In FX markets an arbitrage opportunity exists if there is a sequence of currency exchanges from an initial currency, e.g. USD, through other currencies, e.g. GBP or EUR, back to the initial currency resulting in more units of the initial currency that the starting amount.
The input data is a set of exchange rates such as below (from February 2002):
USD | EUR | GBP | JPY | |
USD | 0.8706 | 1.4279 | 0.00750 | |
EUR | 1.1486 | 1.6401 | 0.00861 | |
GBP | 0.7003 | 0.6097 | 0.00525 | |
JPY | 133.33 | 116.14 | 190.48 |
To identify arbitrage opportunities we want to solve the optimization problem “maximise the number of dollars, D, obtained by converting DE dollars to euros, DP dollars to pounds, …, EY euros to Japanese yen, …”. Assume that we start with 1 dollar and introduce an upper limit on D of $10000 to constrain the optimization.
Phrasing this as linear programming problem gives:
max D
subject to
D + DE + DP + DY - 0.8706 ED - 1.4279 PD - 0.00750 YD = 1
ED + EP + EY - 1.1486 DE - 1.6401 PE - 0.00861 YE = 0
PD + PE + PY - 0.7003 DP - 0.6097 EP - 0.00525 YP = 0
YD + YP + YE - 133.33 DY - 116.14 EY - 190.48 PY = 0
bounds
D <= 10000
end
The contraints represent flow of money out of and into a particular currency. For example consider the second constraint (euros). Here the constraint is saying that the amount of money converted from euros to other currencies (ED+EP+EY) must match the amount of money converted to euros (1.1486DE+…) since no money accumulates in this currency. The constraint for USD has an addtional term for the $1 initially available and final USD arbitrage amount D.

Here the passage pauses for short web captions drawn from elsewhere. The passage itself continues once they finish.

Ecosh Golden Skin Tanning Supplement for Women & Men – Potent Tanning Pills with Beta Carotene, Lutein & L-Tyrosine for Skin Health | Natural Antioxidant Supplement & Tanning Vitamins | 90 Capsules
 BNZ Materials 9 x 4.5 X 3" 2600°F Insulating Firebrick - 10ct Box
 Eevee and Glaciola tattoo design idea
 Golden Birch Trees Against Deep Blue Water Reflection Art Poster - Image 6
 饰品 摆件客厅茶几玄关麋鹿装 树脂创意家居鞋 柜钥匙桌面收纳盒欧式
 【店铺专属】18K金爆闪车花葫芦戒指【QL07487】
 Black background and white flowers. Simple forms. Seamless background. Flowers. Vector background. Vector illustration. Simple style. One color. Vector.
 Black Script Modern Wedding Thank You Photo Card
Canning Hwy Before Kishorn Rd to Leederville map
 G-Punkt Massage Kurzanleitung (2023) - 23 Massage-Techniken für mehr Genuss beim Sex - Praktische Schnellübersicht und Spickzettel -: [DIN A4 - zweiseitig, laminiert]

We can solve this in C++ by using the COIN-OR Linear Program Solver. The code to solve the problem is trivial:
#include <ClpSimplex.hpp>
int main( )
{
ClpSimplex model;
int status;
// Read the linear program description
status = model.readLp( "fx_arbitrage.lp");
if ( !status ) {
// Perform the optimization
model.primal();
}
// Print the solution
...
}
Full version of code, makefile and LP file are available at this gist.
Running the optimization gives the result:
D: 10000
DE: 2.04885e+07
EY: 2.35331e+07
YD: 2.73313e+09
That is, an arbitrage of $10000 can be achieved by exchanging USD204,885,000 for EUR235,331,000, then exchanging the euros for JPY2,733,130,000 and finally completing the arbitrage by exchanging JPY back to USD.
This example is from “Optimization Methods in Finance” by Gerard Cornuejols and Reha Tutuncu. In my opinion this is a good book for learning how to apply optimization methods to finance problems. The presentation follows the pattern of a chapter describing the mathematical structure of each class of optimization problem, followed by a chapter or so of applications. It also discusses how to use Excel Solver for certain classes of problems.
The FX rates have been modified slightly from their Exercise 4.11 in order to eliminate single pair arbitrage opportunities.
Identifying tradeable arbitrage opportunities using this approach probably (actually, almost certainly) involves subtleties not considered in the above.